Last year I missed Columbia Hills State Park because I tried to make the loop in two days and was running too late to stop. Later when I read online that the park had a collection of petroglyphs, I was quite disappointed. In fact, the park is one of the reasons I decided to make this a three day trip and stay overnight near Vancouver.

This sign, posted at the beginning of the trail provided an interesting introduction to the site.


Unfortunately this nearby sign posted in front of a gated trail is probably self-explanatory, too.

Trail Closed Sign

The English teacher in me wonders who wrote this message and what did they mean by it. Does it mean that there are tours ever Friday and Saturday at 10:00 am, or does it mean that you have to make a reservation to tour it at those times? If by reservation, why only at those times?

Luckily, a considerable number of the petroglyphs are on display next to the parking lot behind a short railing. If you are as fascinated by petroglyphs as I am, you would undoubtably enjoy the display. Here are three petroglyphs that photographed well.

Elk Petroglyph

It’s been far too long since I last studied symbols like this, but the stag certainly seems present in many early cultures.

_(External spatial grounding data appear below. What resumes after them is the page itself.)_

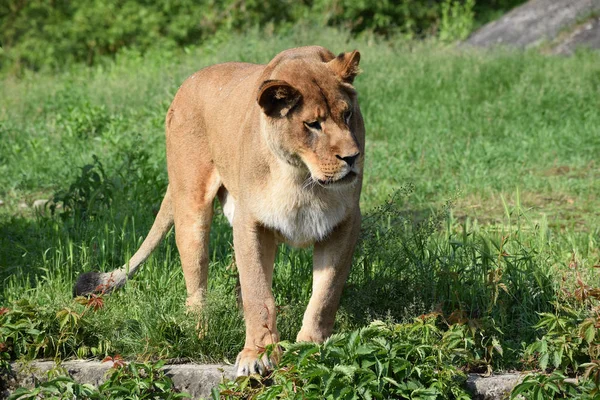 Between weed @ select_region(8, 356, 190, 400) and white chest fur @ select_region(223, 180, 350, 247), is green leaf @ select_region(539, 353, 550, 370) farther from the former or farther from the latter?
weed @ select_region(8, 356, 190, 400)

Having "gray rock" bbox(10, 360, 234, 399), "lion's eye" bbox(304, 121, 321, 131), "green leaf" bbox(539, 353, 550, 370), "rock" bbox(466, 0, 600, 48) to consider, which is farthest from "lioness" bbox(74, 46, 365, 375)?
"rock" bbox(466, 0, 600, 48)

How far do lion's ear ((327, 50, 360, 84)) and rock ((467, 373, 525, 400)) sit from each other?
61.0 inches

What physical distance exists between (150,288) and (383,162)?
396 centimetres

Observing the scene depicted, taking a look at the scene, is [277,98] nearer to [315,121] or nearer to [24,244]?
[315,121]

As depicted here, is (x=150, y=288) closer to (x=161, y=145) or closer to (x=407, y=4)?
(x=161, y=145)

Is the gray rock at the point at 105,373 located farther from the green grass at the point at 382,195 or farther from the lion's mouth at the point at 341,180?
the lion's mouth at the point at 341,180

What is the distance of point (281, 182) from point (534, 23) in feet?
36.3

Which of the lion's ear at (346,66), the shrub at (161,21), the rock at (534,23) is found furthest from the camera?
the shrub at (161,21)

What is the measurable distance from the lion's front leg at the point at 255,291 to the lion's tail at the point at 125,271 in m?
1.02

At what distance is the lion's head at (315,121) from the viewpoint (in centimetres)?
417

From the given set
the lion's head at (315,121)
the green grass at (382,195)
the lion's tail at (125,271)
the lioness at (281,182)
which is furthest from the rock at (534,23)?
the lion's head at (315,121)

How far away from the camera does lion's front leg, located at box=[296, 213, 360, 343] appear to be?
4.52 meters

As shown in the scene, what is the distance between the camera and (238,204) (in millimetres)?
4738

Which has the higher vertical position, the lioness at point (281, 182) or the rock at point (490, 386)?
the lioness at point (281, 182) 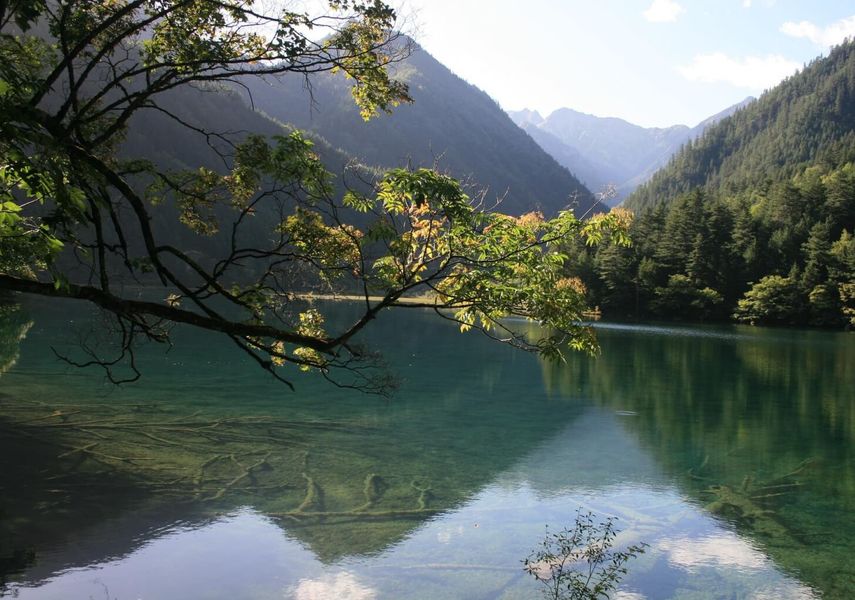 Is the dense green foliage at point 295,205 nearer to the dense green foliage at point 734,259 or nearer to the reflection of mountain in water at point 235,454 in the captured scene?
the reflection of mountain in water at point 235,454

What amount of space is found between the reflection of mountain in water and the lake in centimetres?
6

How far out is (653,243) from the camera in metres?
88.1

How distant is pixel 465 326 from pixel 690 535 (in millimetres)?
7024

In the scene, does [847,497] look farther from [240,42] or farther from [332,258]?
[240,42]

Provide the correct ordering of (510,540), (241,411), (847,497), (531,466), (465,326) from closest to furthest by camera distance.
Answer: (465,326) < (510,540) < (847,497) < (531,466) < (241,411)

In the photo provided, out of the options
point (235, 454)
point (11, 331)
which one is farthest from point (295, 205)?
point (11, 331)

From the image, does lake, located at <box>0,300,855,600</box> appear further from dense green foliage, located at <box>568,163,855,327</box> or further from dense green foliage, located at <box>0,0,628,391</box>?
dense green foliage, located at <box>568,163,855,327</box>

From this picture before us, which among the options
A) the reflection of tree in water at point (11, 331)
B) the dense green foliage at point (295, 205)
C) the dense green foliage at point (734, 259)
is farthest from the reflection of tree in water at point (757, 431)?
the dense green foliage at point (734, 259)

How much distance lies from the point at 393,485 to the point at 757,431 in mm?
13149

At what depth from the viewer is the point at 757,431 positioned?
2028 centimetres

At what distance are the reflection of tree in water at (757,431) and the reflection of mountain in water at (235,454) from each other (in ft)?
12.7

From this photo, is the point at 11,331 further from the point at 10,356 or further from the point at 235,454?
the point at 235,454

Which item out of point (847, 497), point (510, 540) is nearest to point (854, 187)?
point (847, 497)

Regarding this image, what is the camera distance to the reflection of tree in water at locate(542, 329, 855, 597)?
11.5m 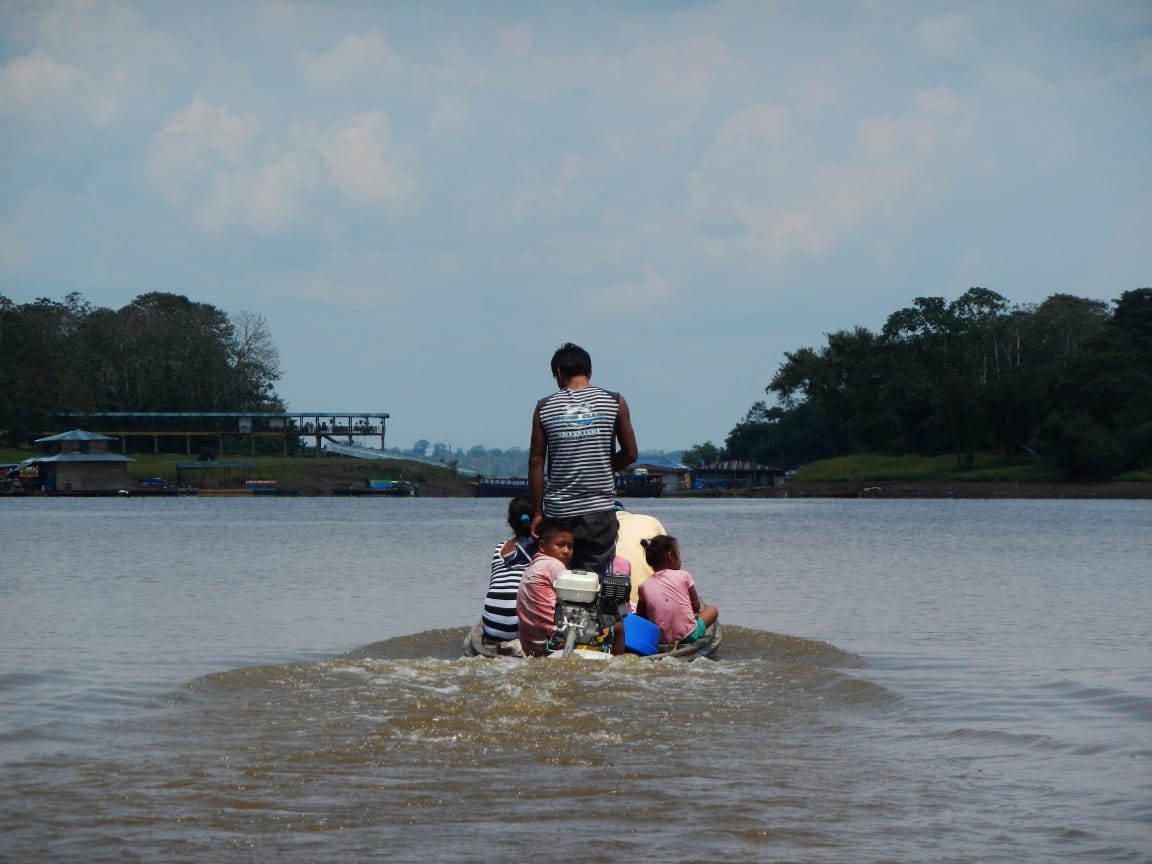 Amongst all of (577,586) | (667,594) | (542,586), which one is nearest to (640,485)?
(667,594)

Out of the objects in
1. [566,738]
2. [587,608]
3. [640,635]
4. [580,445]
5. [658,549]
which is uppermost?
[580,445]

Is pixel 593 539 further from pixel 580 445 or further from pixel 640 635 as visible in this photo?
pixel 640 635

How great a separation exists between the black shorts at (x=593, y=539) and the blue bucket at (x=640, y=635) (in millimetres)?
783

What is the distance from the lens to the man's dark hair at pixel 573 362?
10.4m

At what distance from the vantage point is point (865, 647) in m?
15.6

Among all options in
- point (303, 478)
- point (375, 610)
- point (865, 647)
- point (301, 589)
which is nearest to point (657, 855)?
point (865, 647)

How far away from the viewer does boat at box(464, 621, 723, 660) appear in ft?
36.9

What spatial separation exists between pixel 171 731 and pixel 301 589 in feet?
49.0

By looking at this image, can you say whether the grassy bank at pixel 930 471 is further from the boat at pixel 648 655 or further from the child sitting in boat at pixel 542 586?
the child sitting in boat at pixel 542 586

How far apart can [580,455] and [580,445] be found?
8 cm

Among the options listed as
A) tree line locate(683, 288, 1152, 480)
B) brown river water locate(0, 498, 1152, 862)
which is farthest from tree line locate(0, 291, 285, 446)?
brown river water locate(0, 498, 1152, 862)

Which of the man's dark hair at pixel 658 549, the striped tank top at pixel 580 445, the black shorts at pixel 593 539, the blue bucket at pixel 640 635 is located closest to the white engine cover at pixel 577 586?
the black shorts at pixel 593 539

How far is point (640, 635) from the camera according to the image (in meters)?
11.4

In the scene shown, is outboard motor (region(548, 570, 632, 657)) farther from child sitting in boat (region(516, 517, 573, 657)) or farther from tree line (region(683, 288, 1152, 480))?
tree line (region(683, 288, 1152, 480)) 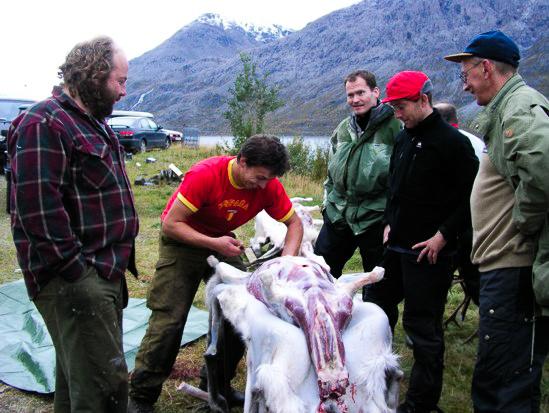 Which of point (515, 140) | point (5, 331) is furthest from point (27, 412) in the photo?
point (515, 140)

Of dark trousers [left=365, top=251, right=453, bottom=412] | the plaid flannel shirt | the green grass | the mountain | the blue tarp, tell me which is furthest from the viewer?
the mountain

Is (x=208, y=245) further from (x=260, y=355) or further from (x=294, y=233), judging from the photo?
(x=260, y=355)

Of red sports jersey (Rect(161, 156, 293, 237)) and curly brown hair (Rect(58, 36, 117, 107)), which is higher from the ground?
curly brown hair (Rect(58, 36, 117, 107))

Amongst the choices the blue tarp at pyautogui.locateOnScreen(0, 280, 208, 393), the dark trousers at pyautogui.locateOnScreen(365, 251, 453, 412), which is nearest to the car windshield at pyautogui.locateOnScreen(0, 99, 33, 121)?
the blue tarp at pyautogui.locateOnScreen(0, 280, 208, 393)

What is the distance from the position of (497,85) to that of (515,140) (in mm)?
400

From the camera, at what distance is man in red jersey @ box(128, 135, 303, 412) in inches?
114

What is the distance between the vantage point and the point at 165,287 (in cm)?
311

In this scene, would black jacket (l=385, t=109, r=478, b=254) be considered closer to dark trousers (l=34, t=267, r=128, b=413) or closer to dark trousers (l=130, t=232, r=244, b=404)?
dark trousers (l=130, t=232, r=244, b=404)

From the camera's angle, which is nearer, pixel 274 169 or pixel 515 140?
pixel 515 140

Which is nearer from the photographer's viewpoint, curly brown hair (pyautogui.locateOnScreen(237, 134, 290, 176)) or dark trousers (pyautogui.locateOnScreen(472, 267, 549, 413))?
dark trousers (pyautogui.locateOnScreen(472, 267, 549, 413))

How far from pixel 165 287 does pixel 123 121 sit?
18190 mm

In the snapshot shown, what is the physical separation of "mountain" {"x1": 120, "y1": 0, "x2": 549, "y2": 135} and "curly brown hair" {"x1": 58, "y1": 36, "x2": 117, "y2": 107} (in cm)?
5534

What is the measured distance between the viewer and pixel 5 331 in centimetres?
438

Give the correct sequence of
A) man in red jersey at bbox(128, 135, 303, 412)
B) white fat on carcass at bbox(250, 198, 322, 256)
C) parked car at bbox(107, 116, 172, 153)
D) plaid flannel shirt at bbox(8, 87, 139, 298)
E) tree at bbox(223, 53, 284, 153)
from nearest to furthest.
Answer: plaid flannel shirt at bbox(8, 87, 139, 298), man in red jersey at bbox(128, 135, 303, 412), white fat on carcass at bbox(250, 198, 322, 256), tree at bbox(223, 53, 284, 153), parked car at bbox(107, 116, 172, 153) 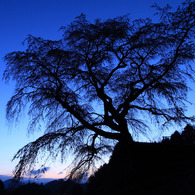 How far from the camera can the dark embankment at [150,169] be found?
586cm

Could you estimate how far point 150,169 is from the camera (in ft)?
23.5

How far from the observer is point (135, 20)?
340 inches

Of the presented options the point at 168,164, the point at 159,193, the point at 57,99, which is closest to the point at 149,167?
the point at 168,164

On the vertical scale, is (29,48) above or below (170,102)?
above

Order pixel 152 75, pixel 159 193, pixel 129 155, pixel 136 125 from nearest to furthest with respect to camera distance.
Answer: pixel 159 193 < pixel 129 155 < pixel 152 75 < pixel 136 125

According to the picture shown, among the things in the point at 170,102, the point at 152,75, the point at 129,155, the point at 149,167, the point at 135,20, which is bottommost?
the point at 149,167

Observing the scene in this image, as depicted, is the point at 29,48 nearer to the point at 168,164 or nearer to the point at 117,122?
the point at 117,122

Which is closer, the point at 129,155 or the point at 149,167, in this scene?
the point at 149,167

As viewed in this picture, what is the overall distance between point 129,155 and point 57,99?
397 cm

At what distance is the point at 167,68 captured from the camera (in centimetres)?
857

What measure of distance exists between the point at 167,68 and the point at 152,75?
2.51ft

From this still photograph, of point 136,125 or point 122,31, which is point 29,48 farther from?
point 136,125

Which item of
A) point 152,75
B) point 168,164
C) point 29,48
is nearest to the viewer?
point 168,164

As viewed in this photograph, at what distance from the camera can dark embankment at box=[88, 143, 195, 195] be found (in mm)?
5865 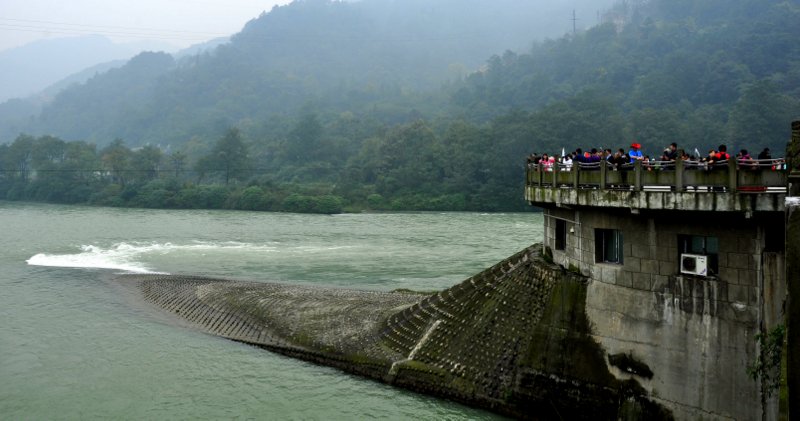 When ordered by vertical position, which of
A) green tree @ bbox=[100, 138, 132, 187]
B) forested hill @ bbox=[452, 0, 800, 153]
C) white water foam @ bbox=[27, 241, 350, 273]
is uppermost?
forested hill @ bbox=[452, 0, 800, 153]

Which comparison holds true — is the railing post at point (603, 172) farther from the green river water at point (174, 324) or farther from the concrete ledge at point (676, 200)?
the green river water at point (174, 324)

Circlot’s A Dictionary of Symbols says, “The stag, in several cultures of Asia and pre-Columbian America, came to be thought of as a symbol of regeneration because of the way the antlers are renewed.” The Secret Language of Symbols says, “Shamans have often been depicted dressed as stages, indicating the creature’s role as a symbol of wisdom.”

While it’s obvious that the animals at the top of this petroglyph are Rocky Mountain Bighorn Sheep, the most interesting symbol to me is the one at the bottom of the rock:


If I didn’t know better, I’d say it represented the devil, horns and all. Of course, it could also represent Pan, but one can only wonder what it means in connection with the sheep.

When I saw this petroglyph

Owl Petroglyph

I assumed it was an owl, right? Do you think it represented wisdom as it so often does in our society?

Sad to think that thousands of these drawings are covered by the backwaters of a dam.